> **TRY IT**: Pictures aside, the output must consist of the lines from the one containing "Pop-up Festival Salon" through the end of the data, reproduced exactly.

(DATA RECORDS Opens)

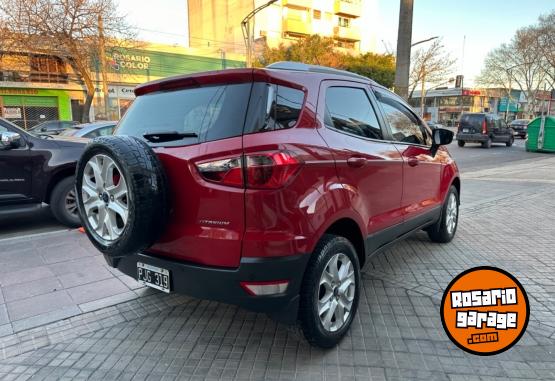 Autos - Ford Ecosport titanium 2015 Nafta  - En Venta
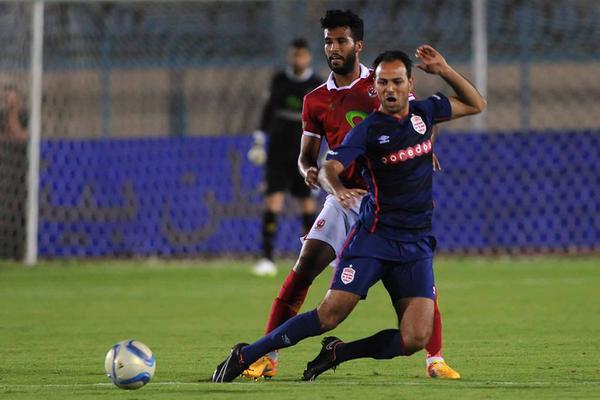 بث مباشر لمباراة الأهلي والإفريقي التونسي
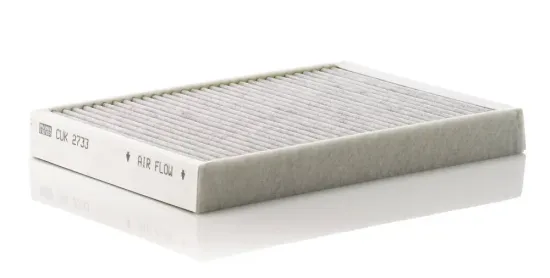Filter, Innenraumluft unter der Mittelkonsole MANN-FILTER CUK 2733 Bild Filter, Innenraumluft unter der Mittelkonsole MANN-FILTER CUK 2733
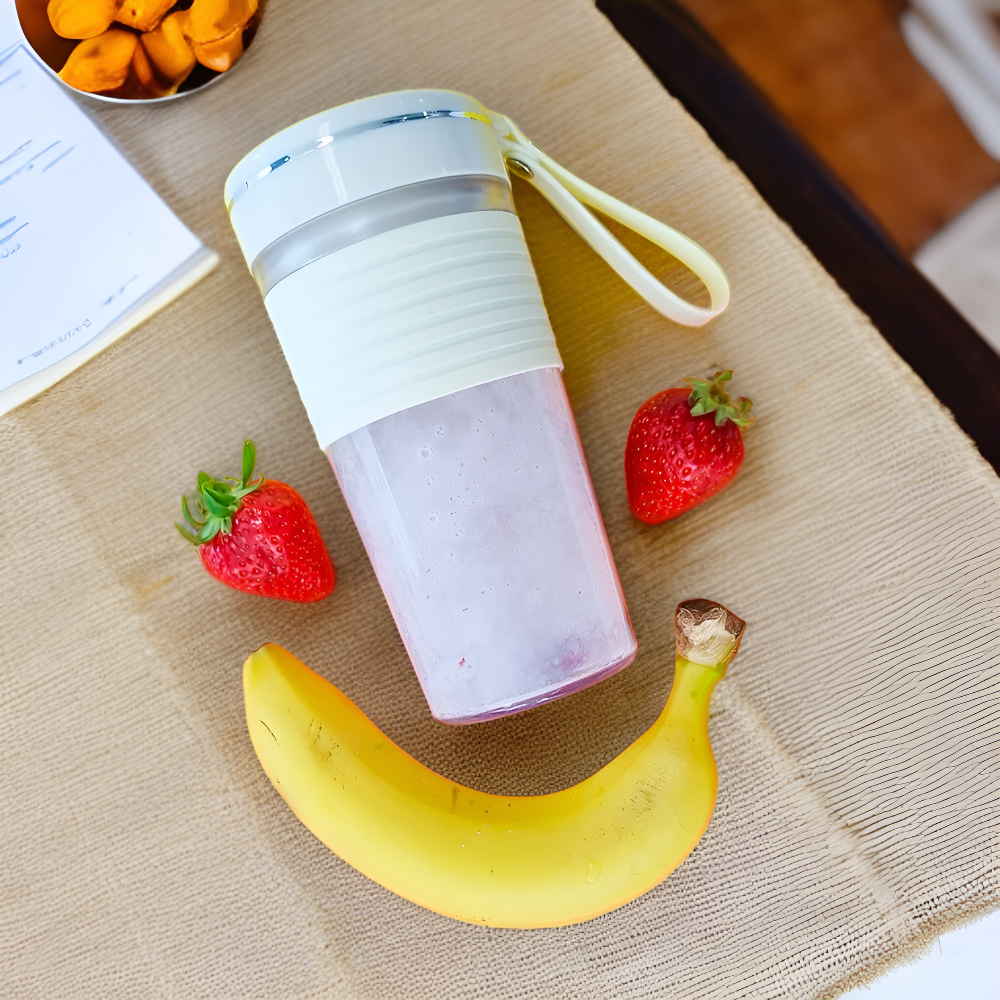 เครื่องคั้นน้ำผลไม้แบบพกพาขนาดเล็กสำหรับใช้ในบ้าน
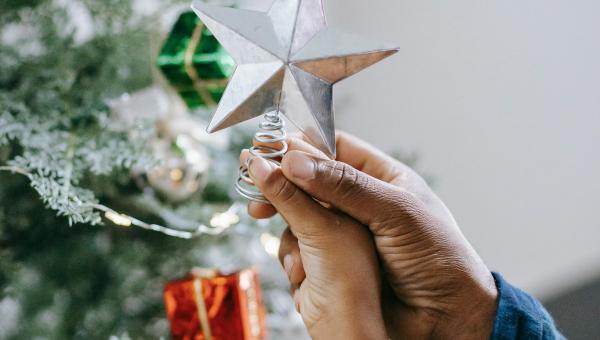 Χριστουγεννιάτικο αστέρι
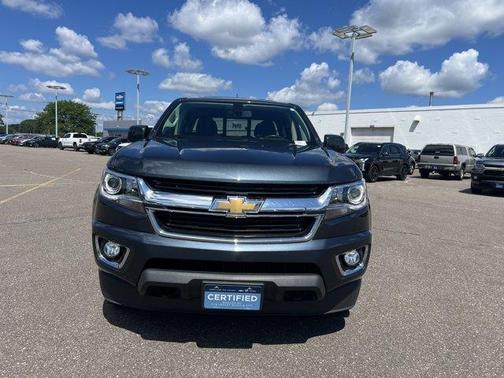 2020 Chevrolet Colorado LT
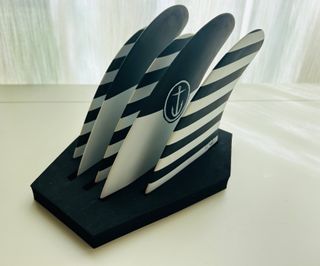 Quillas de Surf Captain Fin CF Series 5 Large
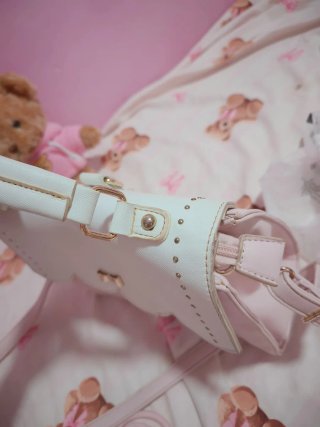 Bolso bandolera o mochila lolita kawaii cute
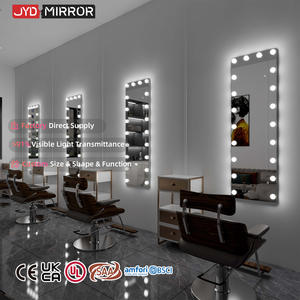 <span class=keywords><strong>Espejo</strong></span> de <span class=keywords><strong>Cuerpo</strong></span> <span class=keywords><strong>Entero</strong></span> <span class=keywords><strong>con</strong></span> Luz LED para Salón de Belleza y Peluquería, <span class=keywords><strong>con</strong></span> Atenuación Gradual, de Pie, Grande, <span class=keywords><strong>con</strong></span> Bombilla - Product Image 1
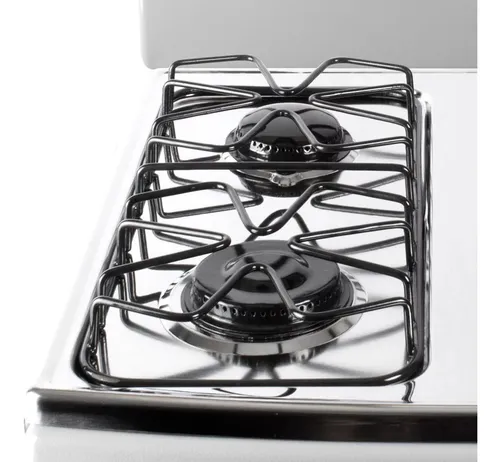 Estufa De Sobreponer Abba 4 Puestos Gas Natural Sg 400-5ngql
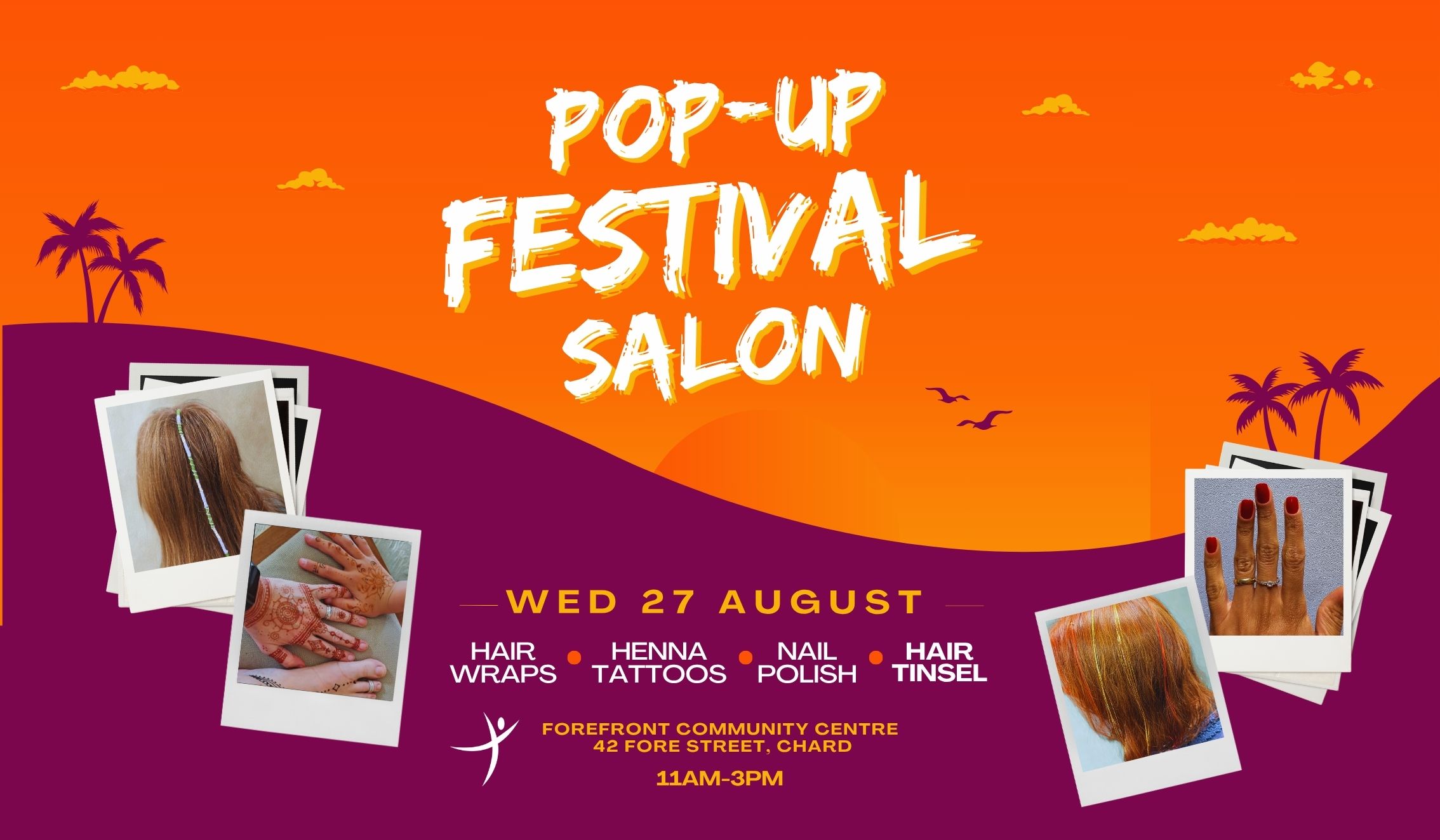 Pop-up Festival Salon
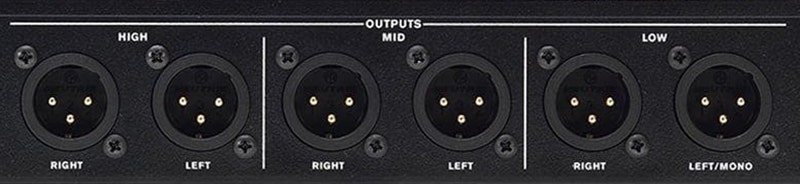 dbx DriveRack PA2 The Powerhouse Processor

(DATA RECORDS Closes)

> **YOUR SOLUTION**:
 Pop-up Festival Salon
 dbx DriveRack PA2 The Powerhouse Processor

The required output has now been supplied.